» What is expected
Set every entry down again exactly, excluding any pictures.

» Input data
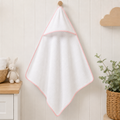 Capa De Baño Para Bebe Color Rosa 100% Algodón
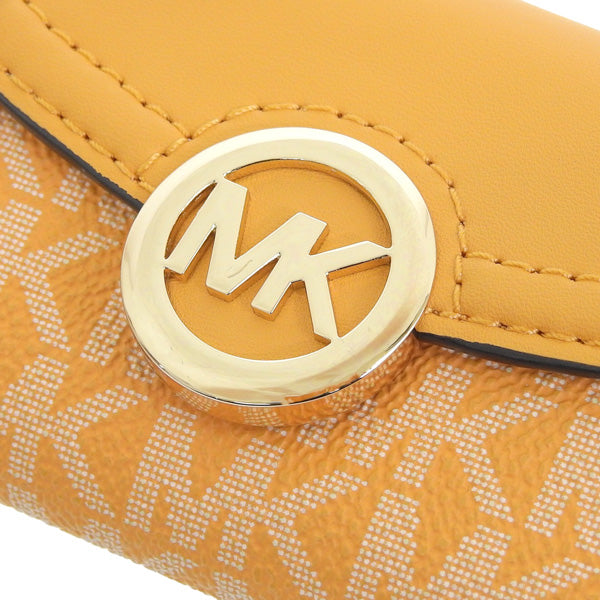 マイケルコース 小物 レディース アウトレット キーケース オレンジマルチ FULTON D35S0GFTP5B-HNYMLT MICHAEL KORS 母の日　土日祝も毎日発送します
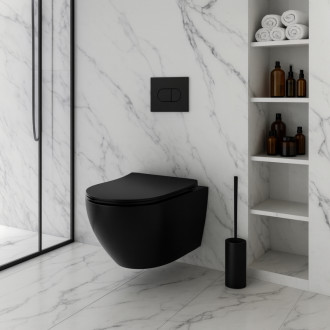 Závesná WC misa Rea Carlo Mini Tornado NF BLACK MATT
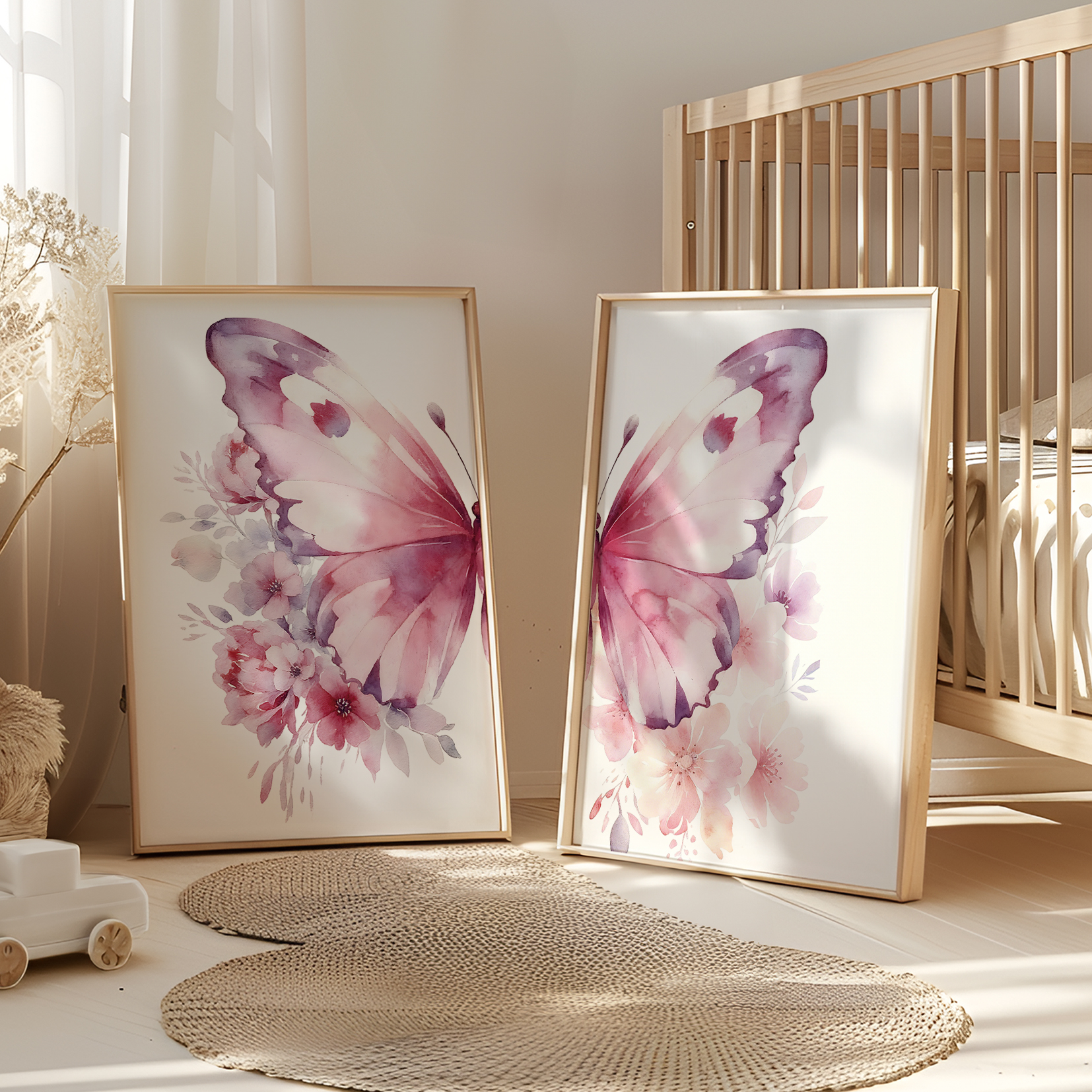 3pcs Cartoon Children Pink Lov - Home Decor On Wall avaliação e preço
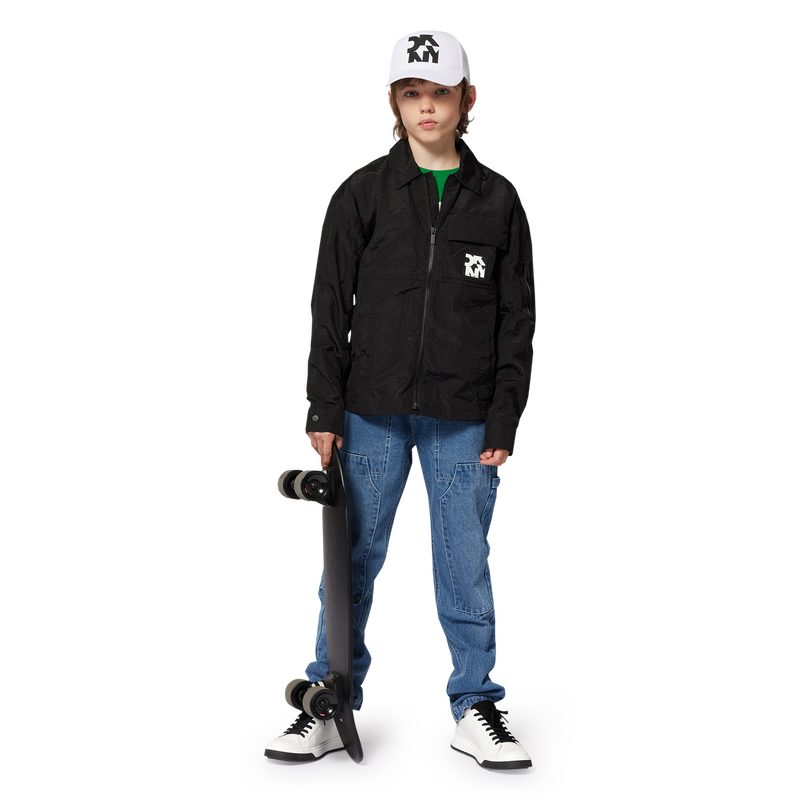 Leather lace-up trainers DKNY 
                    UNISEX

» Task output
 Capa De Baño Para Bebe Color Rosa 100% Algodón
 マイケルコース 小物 レディース アウトレット キーケース オレンジマルチ FULTON D35S0GFTP5B-HNYMLT MICHAEL KORS 母の日　土日祝も毎日発送します
 Závesná WC misa Rea Carlo Mini Tornado NF BLACK MATT
 3pcs Cartoon Children Pink Lov - Home Decor On Wall avaliação e preço
 Leather lace-up trainers DKNY 
                    UNISEX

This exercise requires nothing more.